BP lowered nearly to the seafloor a 40-foot-tall steel structure that may capture as much as 85 percent of the oil leaking from a well into the Gulf of Mexico.
The containment system may begin funneling oil to a ship in the Gulf as early as May 10, said Mark Salt, a spokesman for BP in Houston. The time frame for installing the system remains “very fluid,” he said.
If it works properly, the rectangular structure with a pyramid-shaped dome on top would capture crude from the largest leak at a well that began spilling oil after the Deepwater Horizon rig exploded and sank in the Gulf last month.
The containment box is an interim measure, being put in place until London-based BP can drill a relief well to permanently stop the leak. The company began drilling a relief well on May 2, an effort that will take about three months to complete. A second relief well is planned.
The U.S. Coast Guard and BP have also been skimming oil from the Gulf and burning portions of the spill to reduce the amount that reaches shore.
BP was leasing the rig, owned by Geneva-based Transocean Ltd., when it exploded April 20 and sank two days later. The oil leak comes from BP’s well, about 5,000 feet (1,524 meters) below the water’s surface.

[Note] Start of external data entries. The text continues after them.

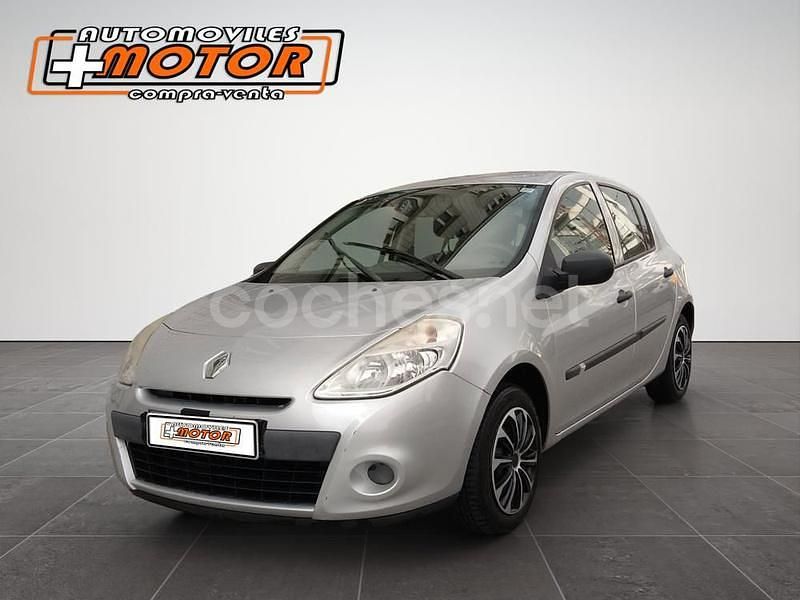 Begagnad Renault Clio IV Collection 75 HK (55 kW) 2012 Grå Sedan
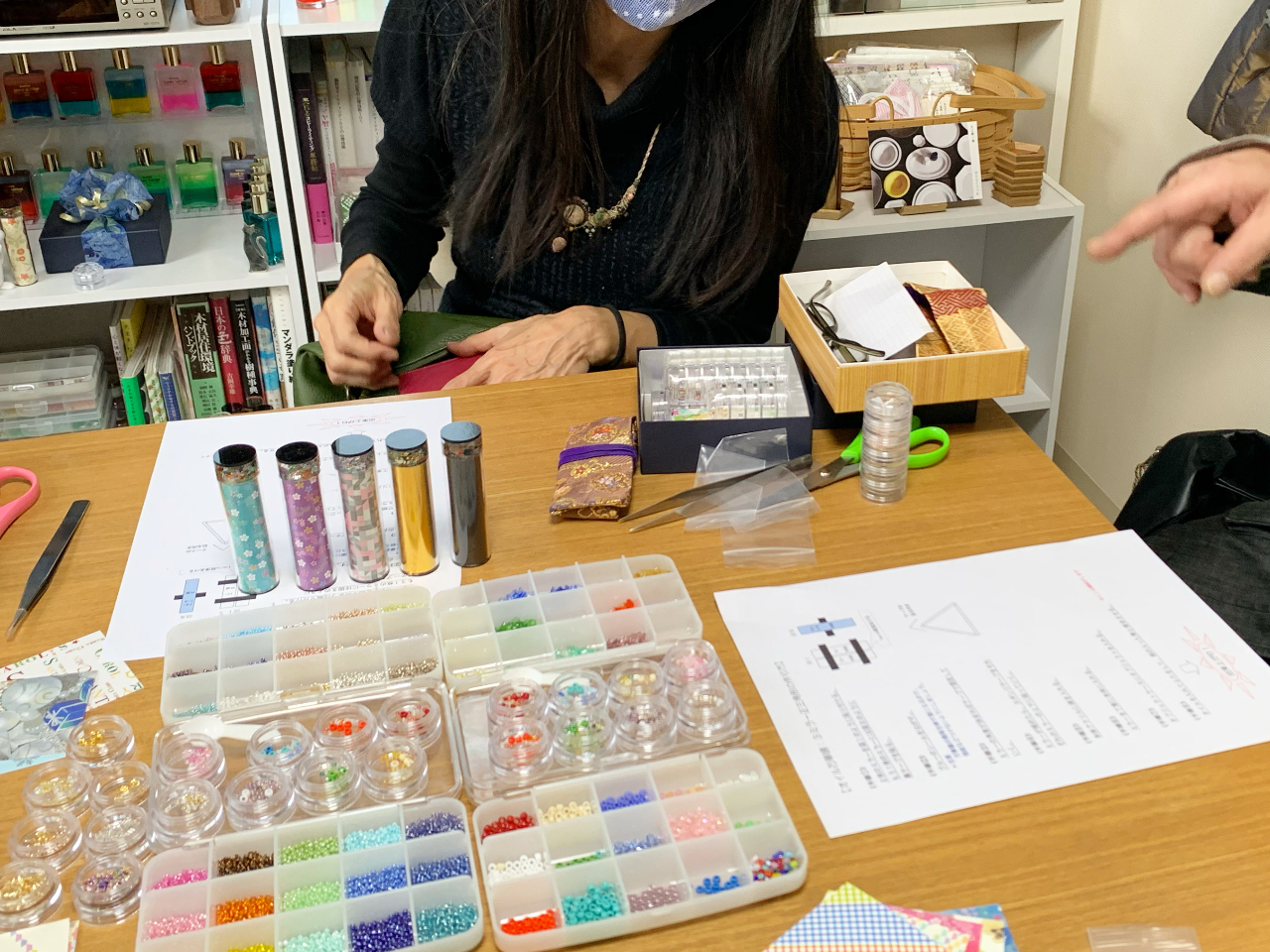 製作風景はこのような感じです。一人でゆっくり作るのもいいですし、お友達やご家族と一緒に作っても楽しい思い出になりますね。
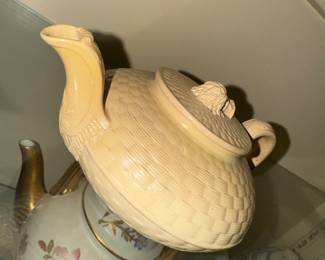 OLD Wedgwood Caneware Basket weave moulding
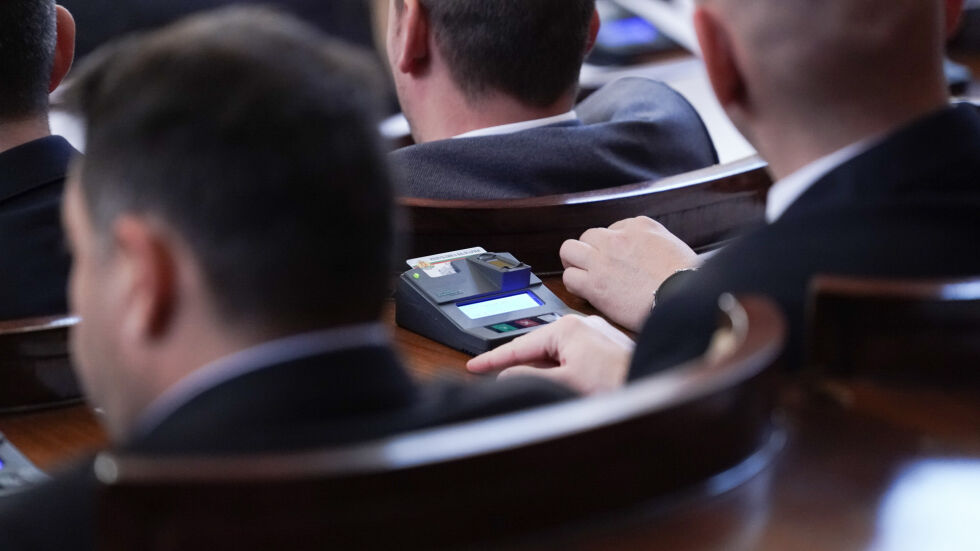 Депутатите влизат в НС само със зелен сертификат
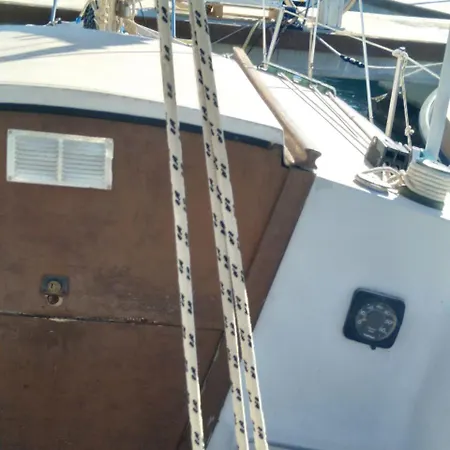 Papifrank Bateau-hôtel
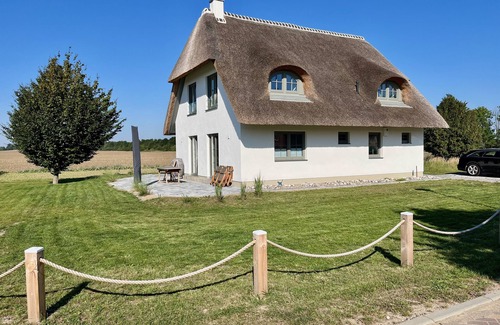 Poseritz House | Thatched roof house on Rügen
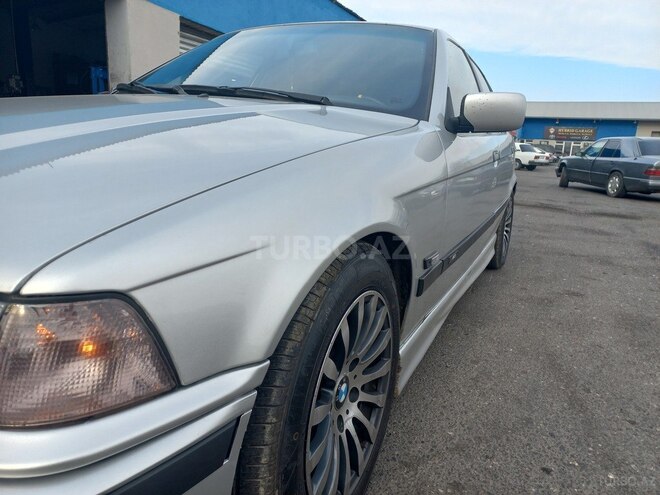 BMW 325 1996, 320,000 km - 2.5 l - Bakı
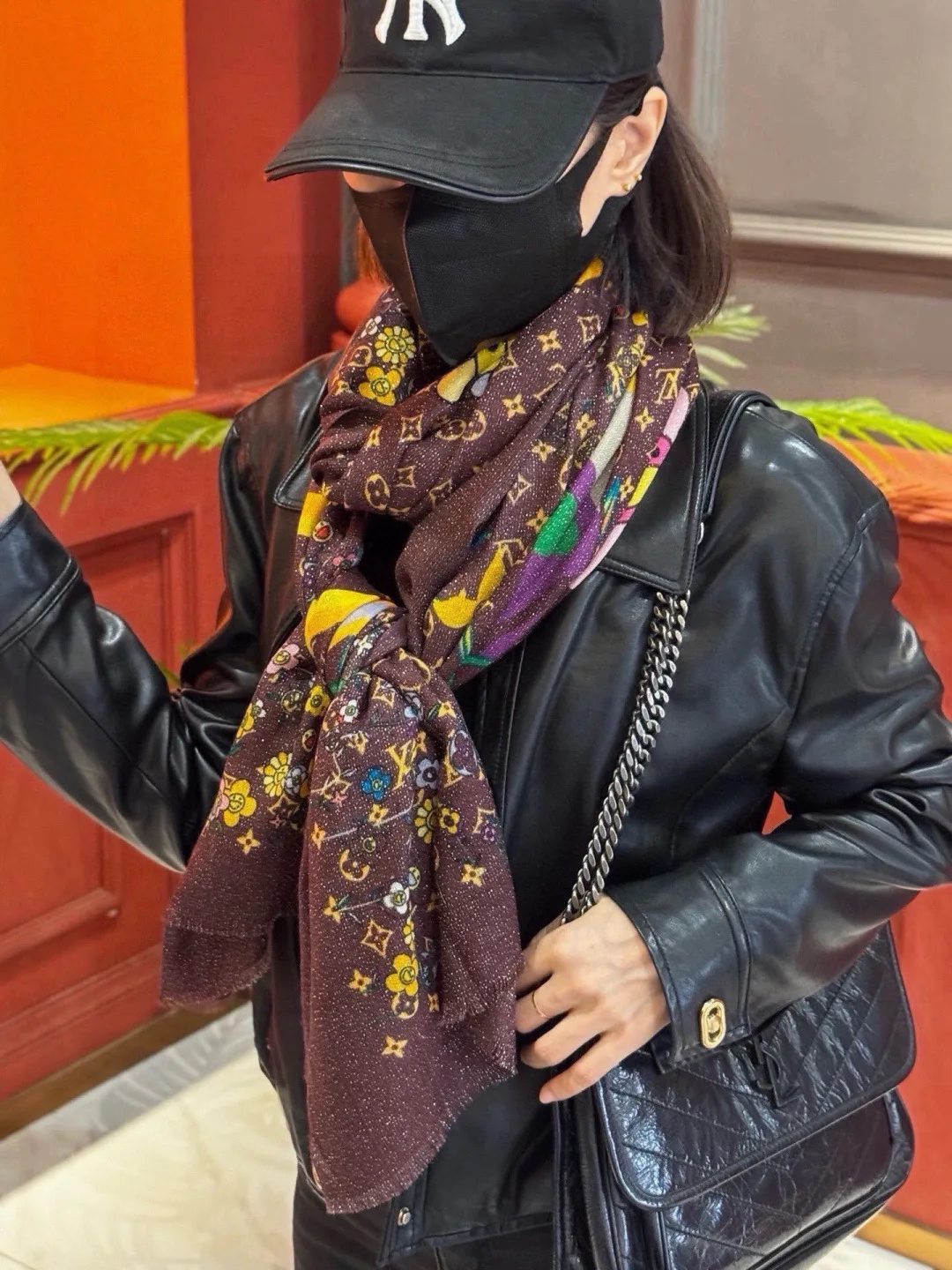 Шарфы Louis Vuitton 18322186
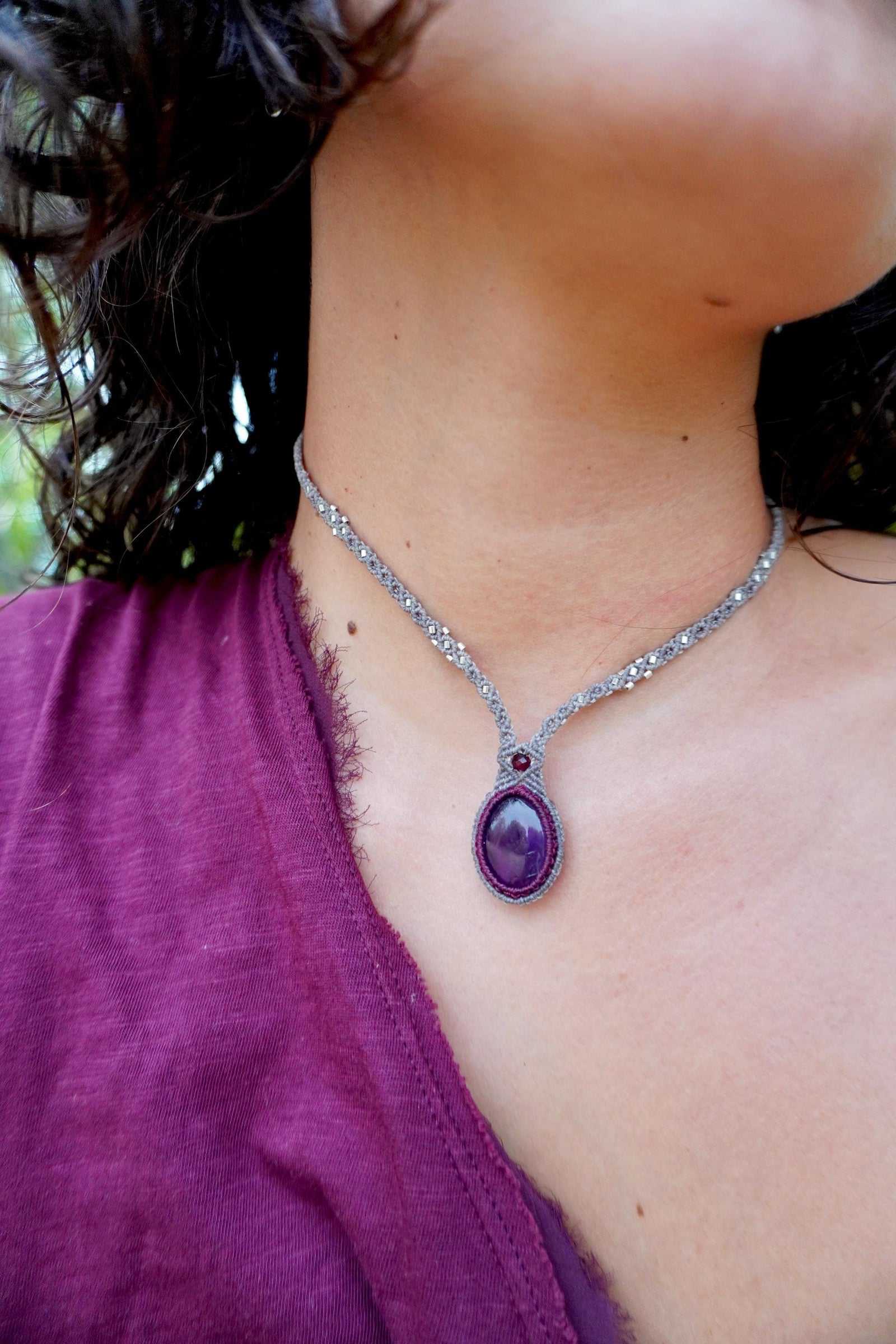 Collar de Amatista y granate con plata en micromacramé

The oil-containment system is suspended above the seafloor as BP prepares the area where the box will go. Preparations include putting buoys around the leak to act as markers to guide the dome, Salt said.
Before the box can be installed, robots must make sure the area is clear, Salt said. The seabed currently has jagged pipes from the rig, he said.
Water temperatures of about 42 degrees Fahrenheit (6 Celsius) and pressures of 2,300 pounds per square inch may cause natural gas in the oil, estimated at 3,000 cubic feet per barrel, to freeze as it rises.